[Records from a collection]

--------------------------------

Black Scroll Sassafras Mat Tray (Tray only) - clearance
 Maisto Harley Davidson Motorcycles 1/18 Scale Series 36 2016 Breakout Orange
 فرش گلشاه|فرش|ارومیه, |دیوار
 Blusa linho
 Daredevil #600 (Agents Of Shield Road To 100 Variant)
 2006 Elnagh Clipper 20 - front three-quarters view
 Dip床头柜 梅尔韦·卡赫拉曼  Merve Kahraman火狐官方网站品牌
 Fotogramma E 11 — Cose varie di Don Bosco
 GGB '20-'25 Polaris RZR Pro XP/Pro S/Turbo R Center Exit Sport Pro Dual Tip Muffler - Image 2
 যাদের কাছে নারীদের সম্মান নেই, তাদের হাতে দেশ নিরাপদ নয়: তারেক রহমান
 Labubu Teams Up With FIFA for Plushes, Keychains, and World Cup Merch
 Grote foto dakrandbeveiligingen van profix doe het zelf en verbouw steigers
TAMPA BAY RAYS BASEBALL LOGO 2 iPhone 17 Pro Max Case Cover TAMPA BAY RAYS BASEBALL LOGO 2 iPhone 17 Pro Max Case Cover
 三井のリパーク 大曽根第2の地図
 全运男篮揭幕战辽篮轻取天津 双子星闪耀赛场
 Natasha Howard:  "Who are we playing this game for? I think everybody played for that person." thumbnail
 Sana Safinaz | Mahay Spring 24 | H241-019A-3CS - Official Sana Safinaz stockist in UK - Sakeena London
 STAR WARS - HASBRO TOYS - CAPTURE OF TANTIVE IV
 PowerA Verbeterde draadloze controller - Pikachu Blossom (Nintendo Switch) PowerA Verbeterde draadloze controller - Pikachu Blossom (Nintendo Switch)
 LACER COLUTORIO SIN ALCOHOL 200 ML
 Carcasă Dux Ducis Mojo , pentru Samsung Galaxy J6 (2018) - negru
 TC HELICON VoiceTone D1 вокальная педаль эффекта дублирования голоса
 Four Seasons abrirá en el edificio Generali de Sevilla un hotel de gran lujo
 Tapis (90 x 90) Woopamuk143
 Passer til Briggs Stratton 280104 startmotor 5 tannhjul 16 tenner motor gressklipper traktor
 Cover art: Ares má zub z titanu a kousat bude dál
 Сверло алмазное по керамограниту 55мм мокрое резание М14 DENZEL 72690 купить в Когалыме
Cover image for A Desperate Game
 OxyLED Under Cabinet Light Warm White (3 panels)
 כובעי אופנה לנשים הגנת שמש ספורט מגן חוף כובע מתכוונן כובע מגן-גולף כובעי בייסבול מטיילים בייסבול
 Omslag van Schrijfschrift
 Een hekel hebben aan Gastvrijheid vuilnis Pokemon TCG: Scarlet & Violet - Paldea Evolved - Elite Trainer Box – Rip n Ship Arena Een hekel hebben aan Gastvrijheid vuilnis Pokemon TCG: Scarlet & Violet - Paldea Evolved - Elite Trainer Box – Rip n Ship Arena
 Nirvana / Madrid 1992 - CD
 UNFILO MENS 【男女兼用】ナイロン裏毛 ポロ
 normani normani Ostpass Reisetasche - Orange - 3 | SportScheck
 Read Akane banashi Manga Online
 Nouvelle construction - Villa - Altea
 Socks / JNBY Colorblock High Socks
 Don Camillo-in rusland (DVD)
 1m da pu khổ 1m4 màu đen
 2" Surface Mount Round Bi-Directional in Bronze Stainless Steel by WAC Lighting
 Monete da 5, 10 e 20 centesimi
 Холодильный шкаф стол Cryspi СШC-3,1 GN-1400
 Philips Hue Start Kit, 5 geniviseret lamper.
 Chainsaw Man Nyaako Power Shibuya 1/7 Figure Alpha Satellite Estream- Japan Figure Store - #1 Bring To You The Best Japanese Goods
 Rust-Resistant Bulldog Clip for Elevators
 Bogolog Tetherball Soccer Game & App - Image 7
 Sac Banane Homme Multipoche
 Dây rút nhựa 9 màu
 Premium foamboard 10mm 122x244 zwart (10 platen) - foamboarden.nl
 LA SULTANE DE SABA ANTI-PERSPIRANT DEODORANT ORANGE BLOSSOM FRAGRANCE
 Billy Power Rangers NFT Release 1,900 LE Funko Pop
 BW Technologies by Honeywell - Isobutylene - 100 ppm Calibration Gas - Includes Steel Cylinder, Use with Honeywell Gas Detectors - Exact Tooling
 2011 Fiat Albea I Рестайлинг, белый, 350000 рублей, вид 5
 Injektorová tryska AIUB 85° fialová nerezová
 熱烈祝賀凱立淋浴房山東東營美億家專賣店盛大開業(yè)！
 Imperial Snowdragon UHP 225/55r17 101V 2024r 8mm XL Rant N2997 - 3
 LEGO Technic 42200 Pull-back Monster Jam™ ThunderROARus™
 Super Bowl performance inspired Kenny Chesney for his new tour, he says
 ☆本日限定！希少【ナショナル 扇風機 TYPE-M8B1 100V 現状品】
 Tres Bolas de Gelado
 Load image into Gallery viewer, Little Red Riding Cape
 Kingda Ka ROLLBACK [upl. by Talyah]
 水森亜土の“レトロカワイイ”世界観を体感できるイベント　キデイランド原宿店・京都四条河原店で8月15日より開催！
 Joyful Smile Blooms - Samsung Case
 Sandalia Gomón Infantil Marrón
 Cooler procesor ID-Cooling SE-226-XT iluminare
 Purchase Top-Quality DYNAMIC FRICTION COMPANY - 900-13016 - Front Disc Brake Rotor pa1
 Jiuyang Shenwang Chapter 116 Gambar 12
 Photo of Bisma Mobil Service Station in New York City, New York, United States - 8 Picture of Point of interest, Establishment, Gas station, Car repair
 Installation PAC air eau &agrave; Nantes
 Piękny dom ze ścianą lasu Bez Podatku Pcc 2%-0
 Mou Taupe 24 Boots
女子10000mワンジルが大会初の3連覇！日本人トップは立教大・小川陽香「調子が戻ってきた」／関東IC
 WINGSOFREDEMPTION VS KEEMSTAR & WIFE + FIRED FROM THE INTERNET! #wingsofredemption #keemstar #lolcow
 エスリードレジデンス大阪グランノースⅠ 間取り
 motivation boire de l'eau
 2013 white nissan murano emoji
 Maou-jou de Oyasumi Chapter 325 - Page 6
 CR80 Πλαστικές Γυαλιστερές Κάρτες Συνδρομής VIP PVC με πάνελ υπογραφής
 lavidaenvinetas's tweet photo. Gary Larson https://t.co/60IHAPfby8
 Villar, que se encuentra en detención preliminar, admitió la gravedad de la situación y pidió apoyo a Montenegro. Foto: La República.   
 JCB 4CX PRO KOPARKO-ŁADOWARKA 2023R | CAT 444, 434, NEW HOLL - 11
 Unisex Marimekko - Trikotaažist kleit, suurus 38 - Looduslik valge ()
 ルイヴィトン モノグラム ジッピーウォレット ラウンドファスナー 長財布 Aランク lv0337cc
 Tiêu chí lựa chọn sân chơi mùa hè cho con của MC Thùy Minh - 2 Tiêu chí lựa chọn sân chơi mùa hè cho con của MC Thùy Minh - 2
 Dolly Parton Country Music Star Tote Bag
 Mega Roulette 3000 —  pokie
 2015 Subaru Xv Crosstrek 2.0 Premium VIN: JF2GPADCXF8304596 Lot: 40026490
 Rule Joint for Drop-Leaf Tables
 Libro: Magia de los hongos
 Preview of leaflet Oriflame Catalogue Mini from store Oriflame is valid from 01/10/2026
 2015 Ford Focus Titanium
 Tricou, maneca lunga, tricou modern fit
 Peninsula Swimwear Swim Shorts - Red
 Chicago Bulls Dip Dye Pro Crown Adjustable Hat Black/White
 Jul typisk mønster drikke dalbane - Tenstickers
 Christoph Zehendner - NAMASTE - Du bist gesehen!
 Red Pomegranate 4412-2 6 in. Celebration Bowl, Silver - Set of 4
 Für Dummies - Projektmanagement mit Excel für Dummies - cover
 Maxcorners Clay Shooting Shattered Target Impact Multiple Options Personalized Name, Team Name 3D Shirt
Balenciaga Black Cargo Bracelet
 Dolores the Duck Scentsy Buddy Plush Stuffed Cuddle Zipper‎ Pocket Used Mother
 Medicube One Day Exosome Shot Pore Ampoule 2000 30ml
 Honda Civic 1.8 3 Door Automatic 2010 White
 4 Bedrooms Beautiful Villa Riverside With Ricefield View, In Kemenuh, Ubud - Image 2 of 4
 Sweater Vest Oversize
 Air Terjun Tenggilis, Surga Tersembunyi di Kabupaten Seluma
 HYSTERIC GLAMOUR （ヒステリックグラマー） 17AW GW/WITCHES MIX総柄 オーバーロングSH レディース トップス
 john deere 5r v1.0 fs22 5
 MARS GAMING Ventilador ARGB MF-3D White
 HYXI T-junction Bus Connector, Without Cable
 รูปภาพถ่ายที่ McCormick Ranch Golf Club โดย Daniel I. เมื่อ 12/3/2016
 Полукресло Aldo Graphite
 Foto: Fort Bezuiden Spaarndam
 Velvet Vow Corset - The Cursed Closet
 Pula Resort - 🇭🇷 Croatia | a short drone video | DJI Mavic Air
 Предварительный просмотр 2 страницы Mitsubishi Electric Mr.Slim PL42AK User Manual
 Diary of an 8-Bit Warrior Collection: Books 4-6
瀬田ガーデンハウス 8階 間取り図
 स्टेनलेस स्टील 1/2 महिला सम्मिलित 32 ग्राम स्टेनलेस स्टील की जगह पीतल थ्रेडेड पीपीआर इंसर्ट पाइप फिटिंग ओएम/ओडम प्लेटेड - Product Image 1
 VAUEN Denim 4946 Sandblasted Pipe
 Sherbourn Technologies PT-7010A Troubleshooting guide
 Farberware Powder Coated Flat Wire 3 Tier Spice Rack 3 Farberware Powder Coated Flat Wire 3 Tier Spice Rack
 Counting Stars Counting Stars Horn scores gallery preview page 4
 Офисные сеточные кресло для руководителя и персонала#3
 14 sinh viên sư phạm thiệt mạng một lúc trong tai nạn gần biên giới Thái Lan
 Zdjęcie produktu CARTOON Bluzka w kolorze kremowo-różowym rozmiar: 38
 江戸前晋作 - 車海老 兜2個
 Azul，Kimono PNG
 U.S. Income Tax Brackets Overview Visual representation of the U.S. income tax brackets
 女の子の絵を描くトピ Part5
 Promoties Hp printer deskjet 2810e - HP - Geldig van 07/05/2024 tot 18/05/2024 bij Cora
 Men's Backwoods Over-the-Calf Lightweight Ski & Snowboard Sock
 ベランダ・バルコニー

--------------------------------

■ Your assignment
The word is "Chapter". Copy every line above where it appears.

■ Output for this exercise
 Jiuyang Shenwang Chapter 116 Gambar 12
 Maou-jou de Oyasumi Chapter 325 - Page 6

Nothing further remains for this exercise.